Research shows our smartphone data may be getting used more than as advertised

1927
smartphone data

New reports from researchers looking into the mobile app industry present a chilling tale for the 13th of the month of that would probably make Rockwell’s hair stand on end.

Essentially, researchers found that a bevy of apps collect more information than is explicitly stated in their privacy statements and terms of use.

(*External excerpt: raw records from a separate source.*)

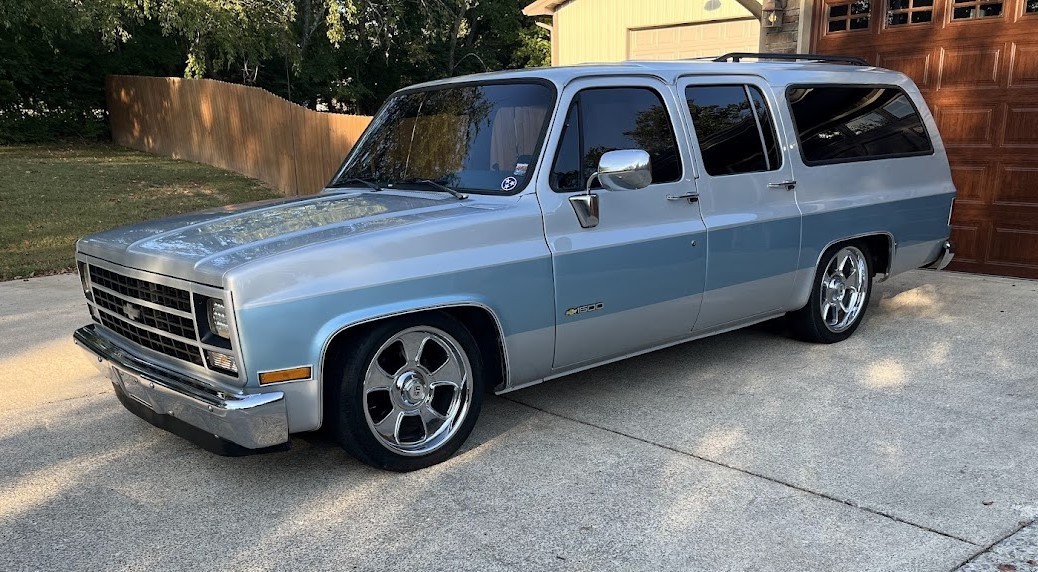 Chevrolet-Suburban-1989-32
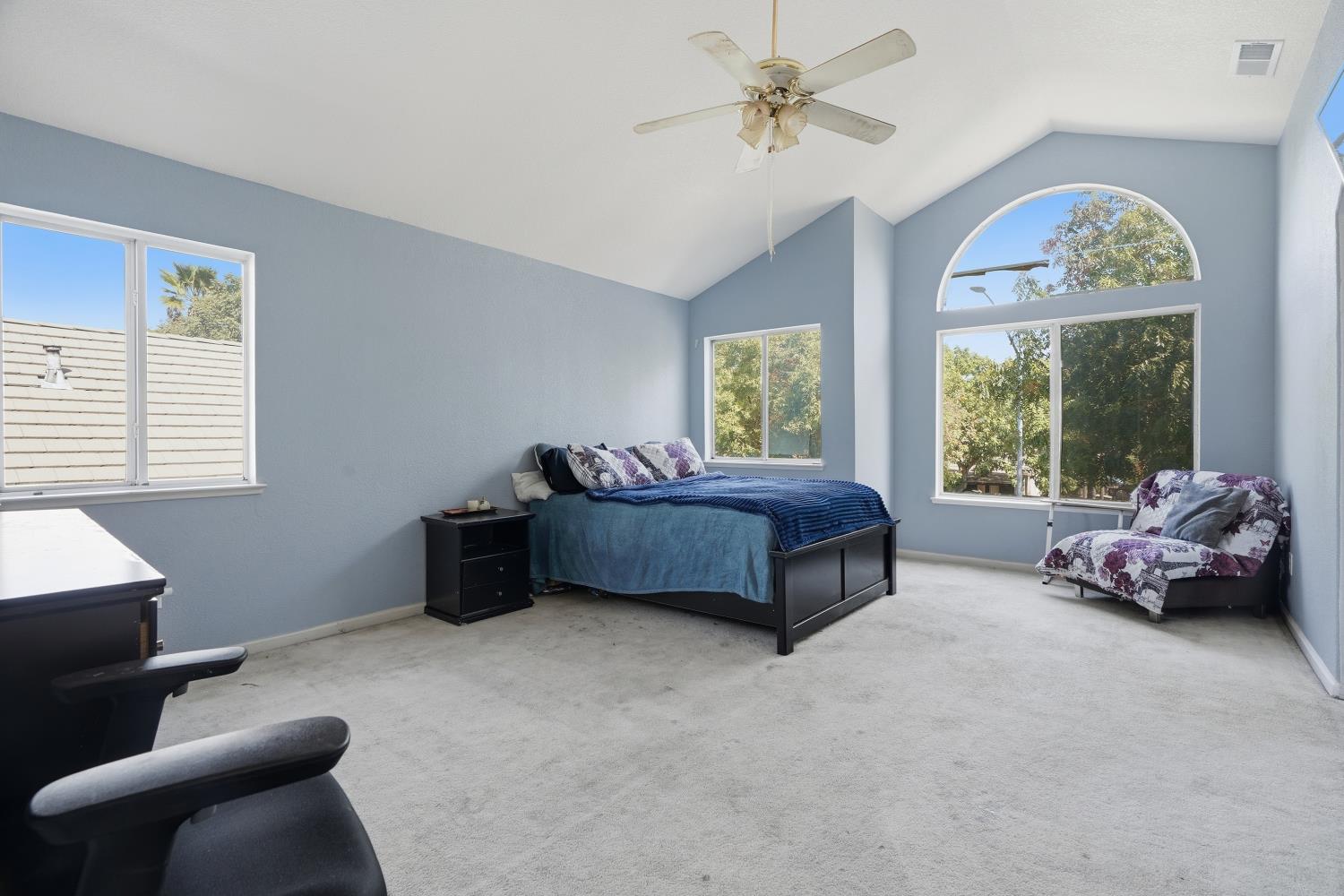 332 Ansonville Ln, Modesto, CA 95357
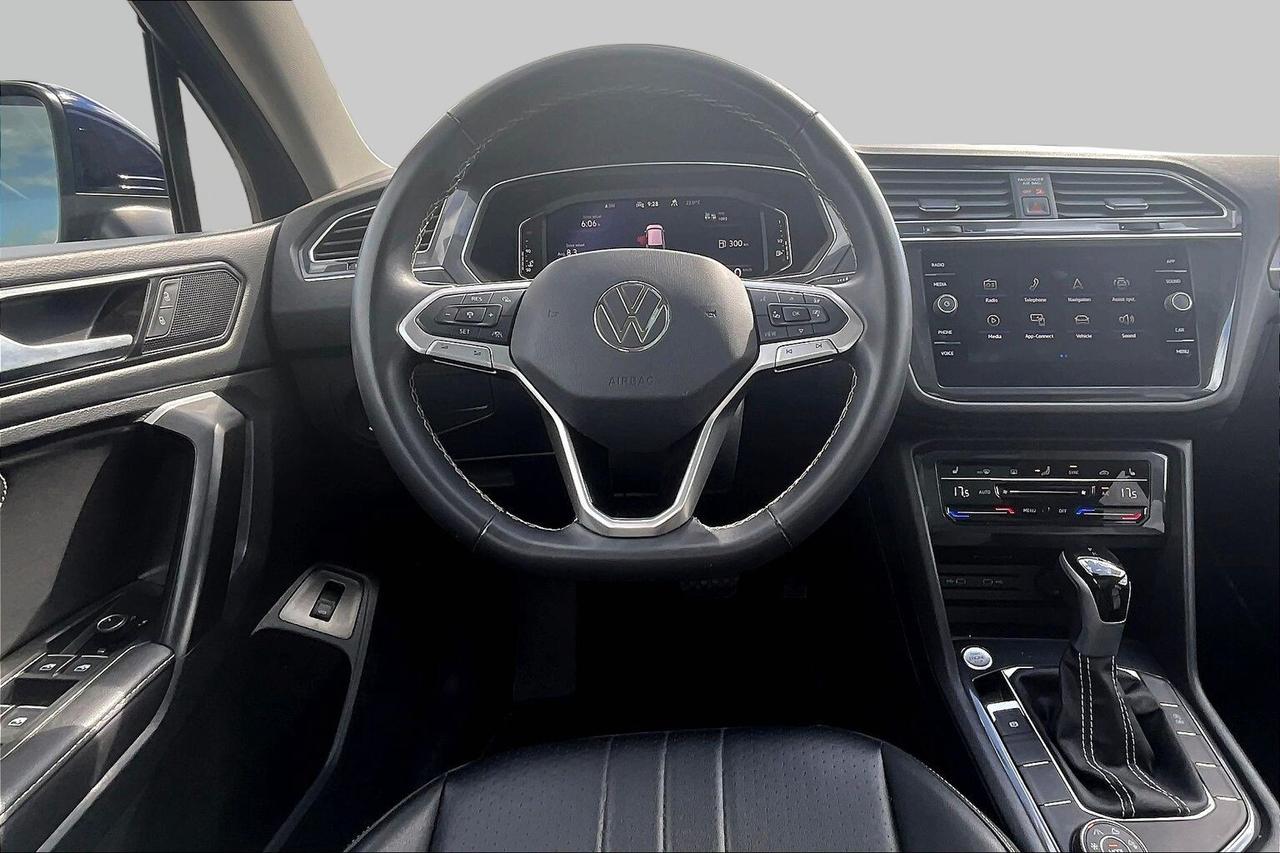 2024 Volkswagen Tiguan  Photo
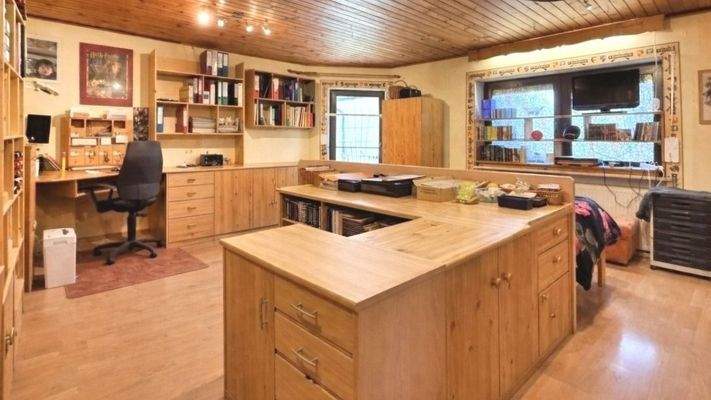 Arbeits-/Schlafzimmer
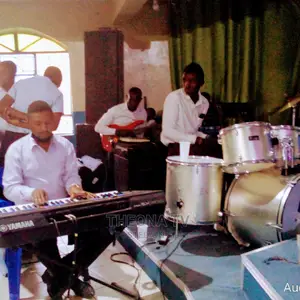 Keyboardist And Solo Guitarist
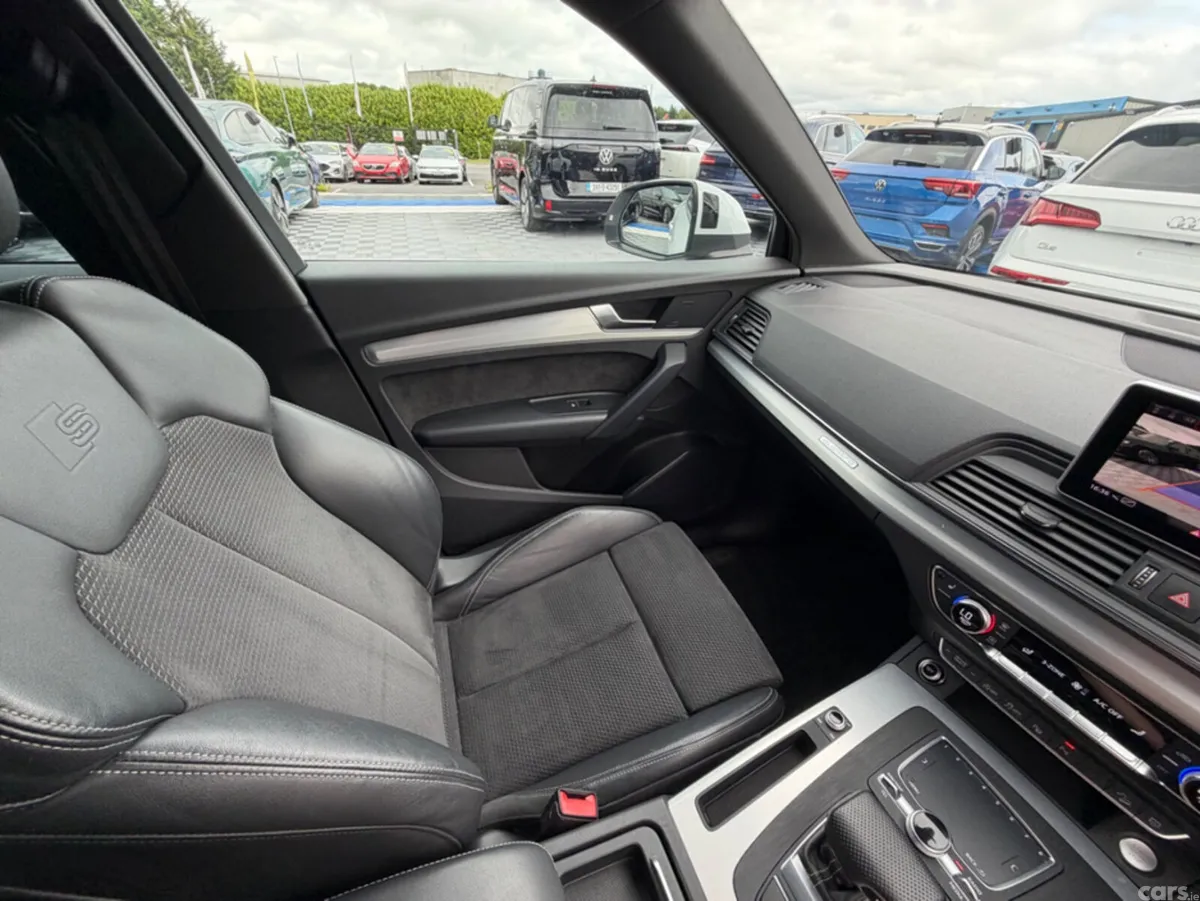 Audi Q5 SUV, Diesel, 2021, White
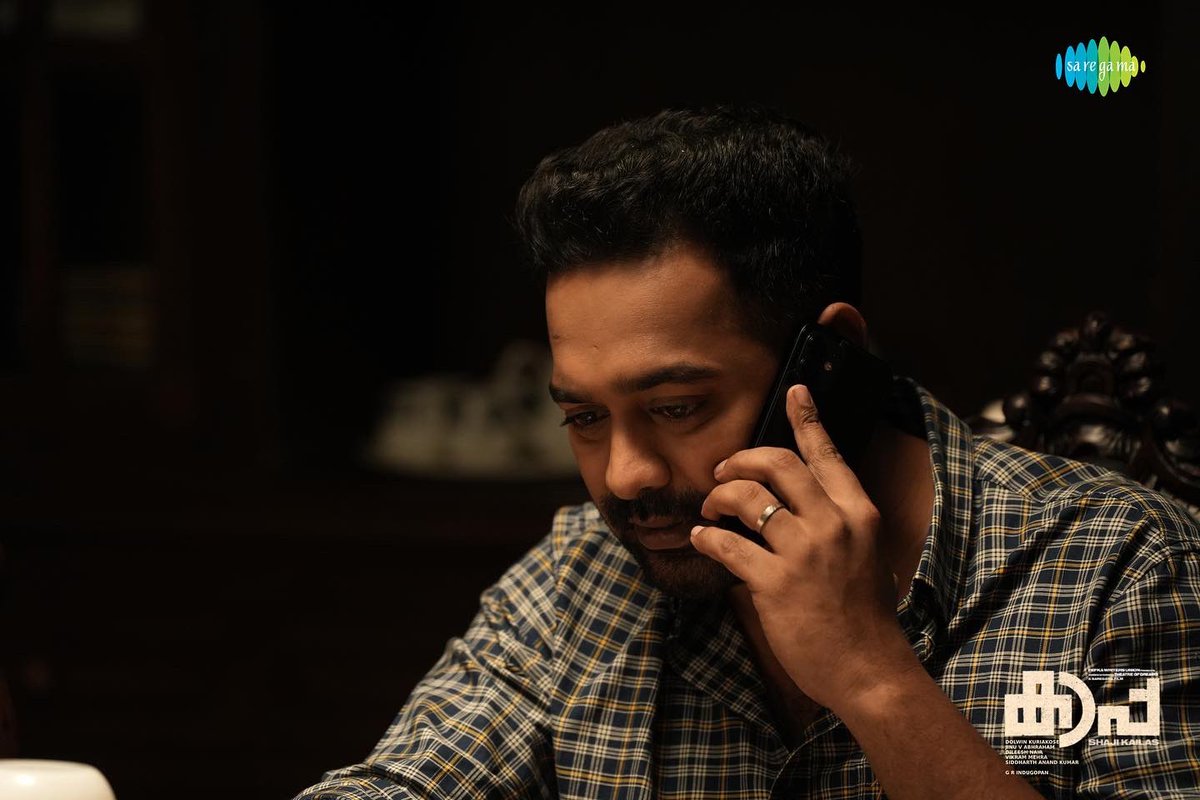 YoodleeFilms's tweet photo. Powerpacked Frame: #KottaMadhu, #Pramila And #Anand.
 🔥

#Kaapa Running Successfully In Cinemas Worldwide!

@PrithviOfficial #ShajiKailas @Aparnabala2 #AsifAli #AnnaBen #jomontjohn #JinuVAbhraham #dolwinkuriakose #dileesh  #dawnvincent @saregamaglobal @saregamasouth https://t.co/RxU6PUNtWJ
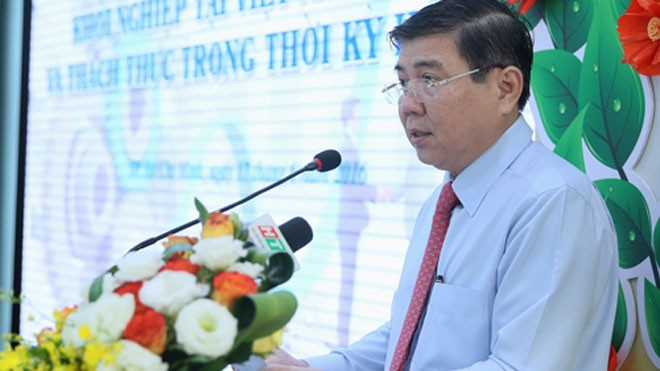 Chủ tịch UBND TP HCM Nguyễn Thành Phong tại hội thảo sáng nay. Ảnh: Mạnh Tùng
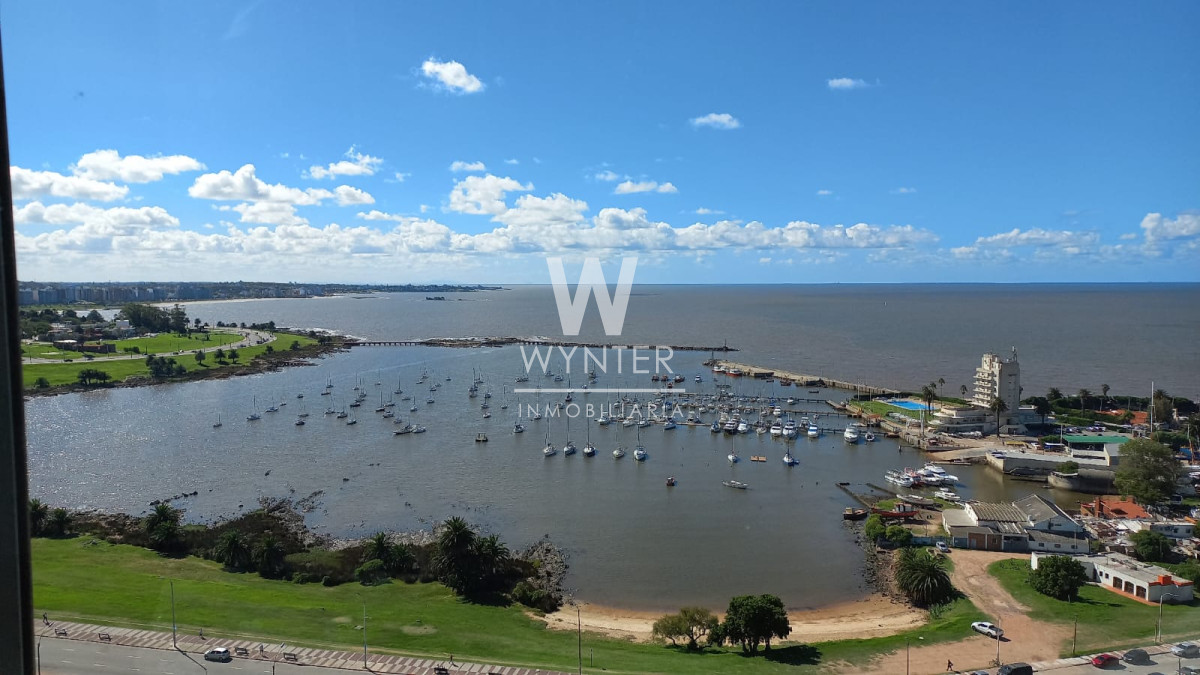 Apartamento ID.2910 - En venta o alquiler,  3 dormitorios, edificio Panamericano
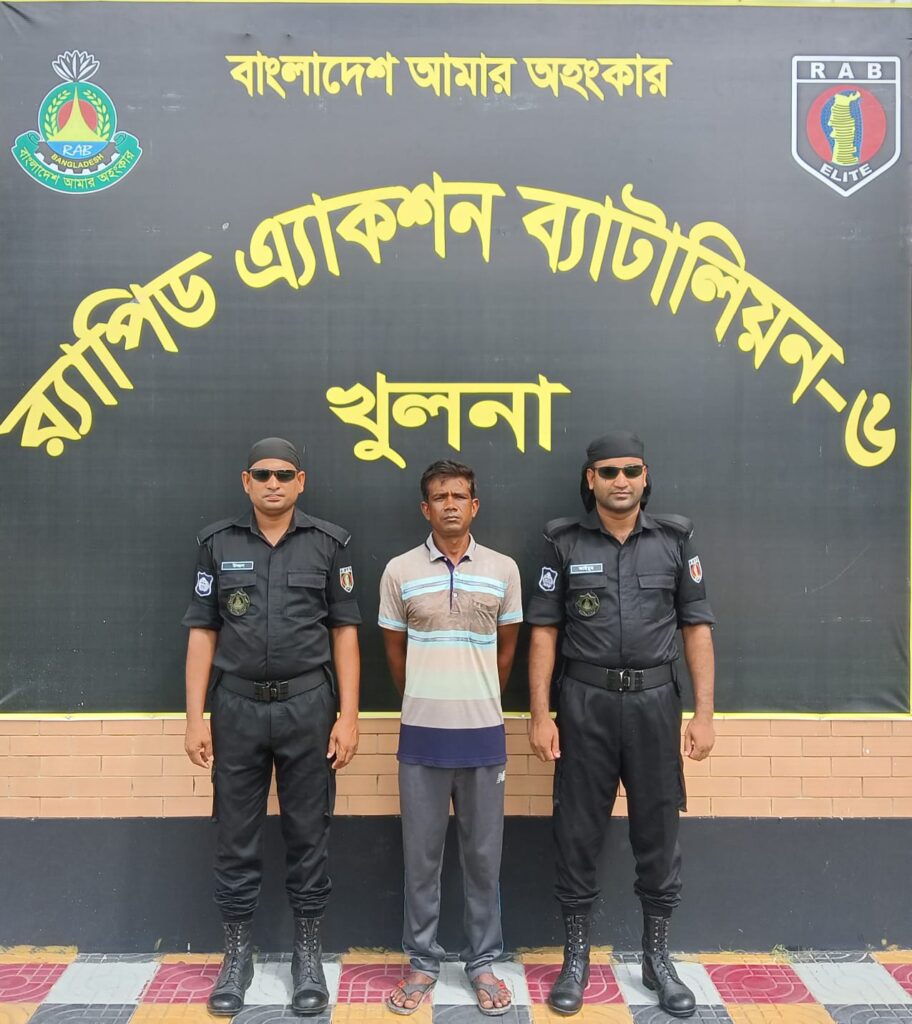 র‌্যাবের অভিযানে ওয়ান শুটারগানসহ অস্ত্র ব্যবসায়ী গ্রেফতার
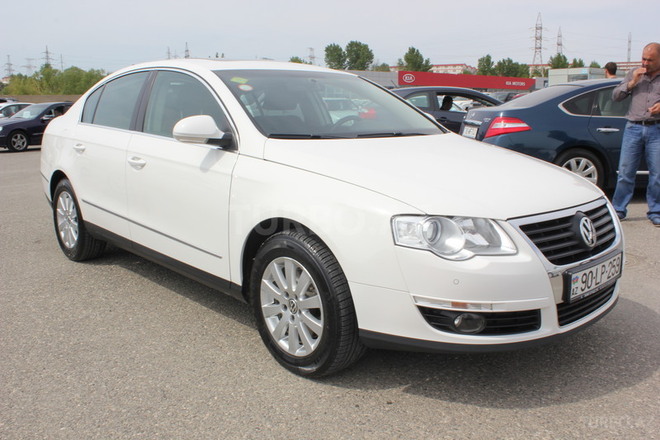 Volkswagen Passat 2011, 71,000 km - 1.8 l - Bakı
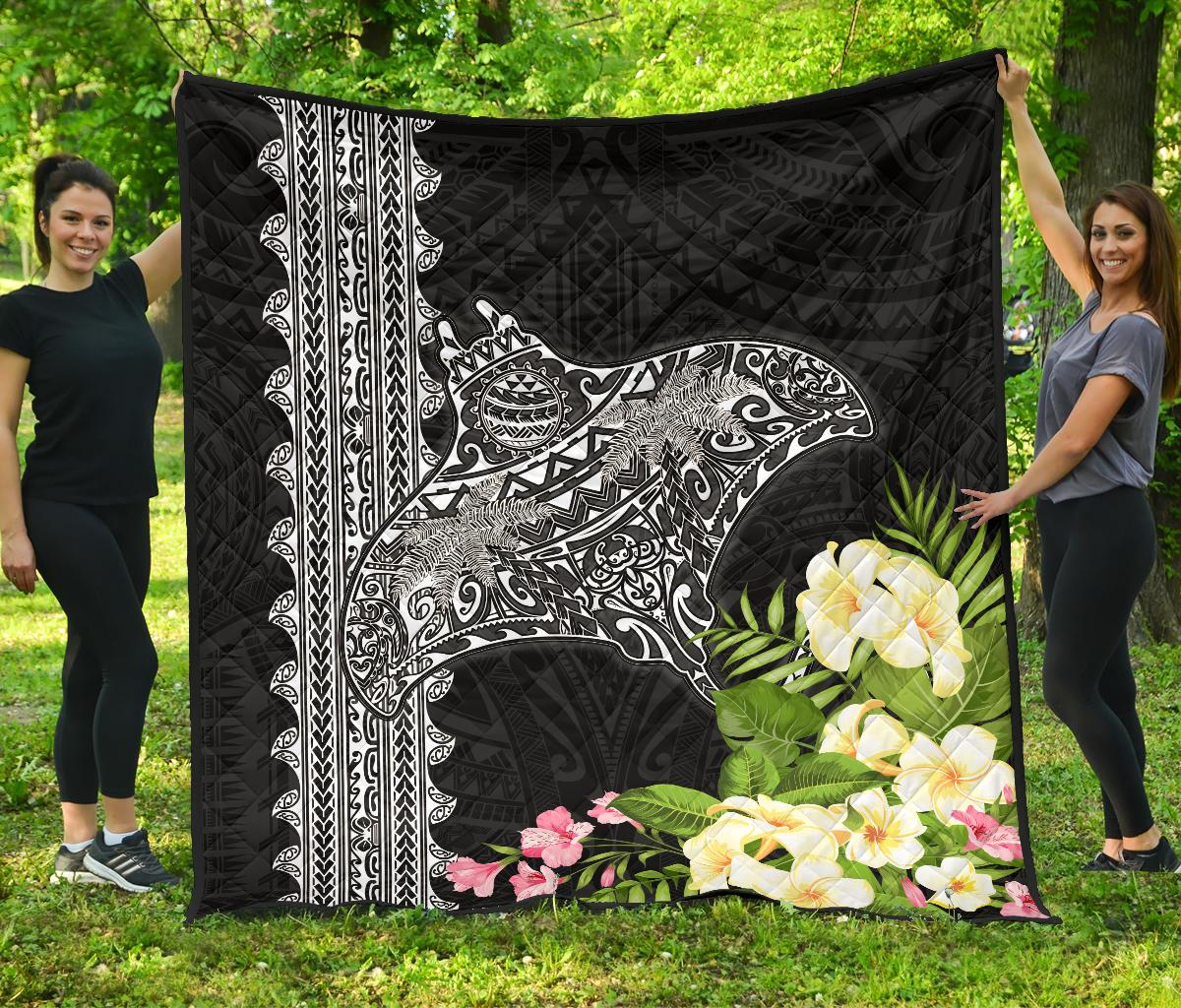 Hawaii Premium Quilt - Mantaray With Hibiscus Flowers - Polynesian Pride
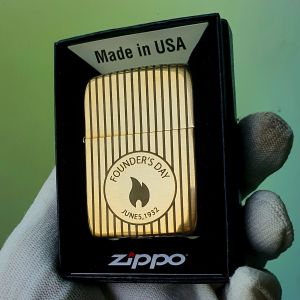 Bật Lửa Zippo Đồng Góc Bo Tròn FOUNDERS DAY Đáy Dập Đời 3 Gạch Xéo 1977 Bánh Xe Xéo Xỏ Chỉ ( Tặng Đá Bấc ) - Có Tem Đỏ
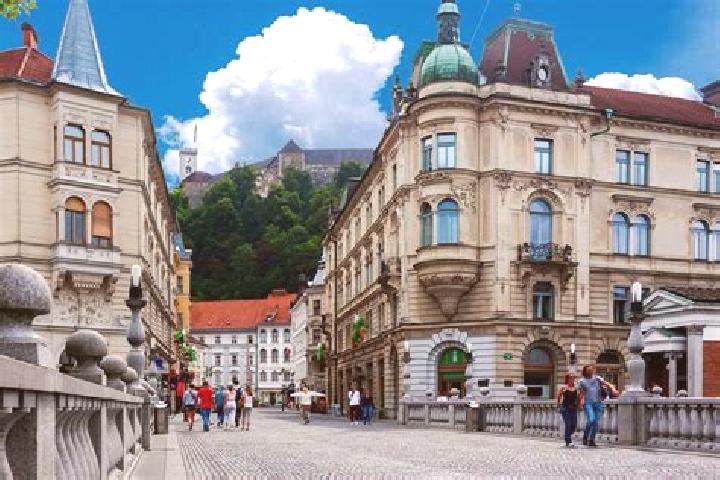 Nora, 26 — Escort in Charentilly, France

“Usually, you just have to take the app’s word that it’s grabbing only the data you’ve agreed to give it,” reports Alfred Ng at CNet, referencing recent projects aimed at understanding how our data is illicitly used. “Often, though, there’s more grabbing going on than you were led to believe, security researchers have determined. More than 1,000 apps have been found to take data even after you’ve denied them permissions. For instance, menstrual tracking apps have shared sensitive info with Facebook, as well as with other companies you might not have expected. Similarly, apps designed to block robocalls have shared your phone data with analytics firms.”

Mentioning location data tracking specifically, Ng gives us some even more ominous news. His  article reveals that sources show a lot of this data is used by advertisers, but some is also used by government agencies, for example, “to track immigrants.” Ng details persistent research by, among others, Electronic Frontier Foundation senior staff technologist Bill Budington who is uncovering more of this kind of unsavory reality using tools like Panopticlick.

Civil rights and privacy rights activists will likely have their ire raised by the echoes of these reports as they emerge.

There’s also the question of the international context for this type of data use.

The European GDPR that went into effect just a couple of ago had a tremendous impact on American businesses.

Suddenly, any app or company that dealt at all with data on European citizens was, in May 2018, subject to specific rules and regulations, for example, this component of the Privacy and Electronic Communications Regulations 2003 that an author at Fox Williams contest is “relevant” under the GDPR:

“It is unlawful to gain access to information stored in the terminal equipment of a subscriber or user unless the subscriber or user (a) is provided with clear and comprehensive information about the purposes of the access to that information; and (b) has given his or her consent. This applies irrespective of whether or not the location data is “personal data”.

As for impact, a piece by Rob Sobers at Varonis last year notes there had already been $63 million in fines issued in the first year of the GDPR’s enforcement, with Google paying $57 million of those fees, and no less than 144,000 complaints: a biblical number, chilling in its enormity.

So in essence, the GDPR is being broken all the time. It could be that the revenues for some of these companies exceed the punitive impact of the fines themselves. Whatever the case, it seems we have to stay vigilant about how our data is being surreptitiously used by devices that capture it as we use them.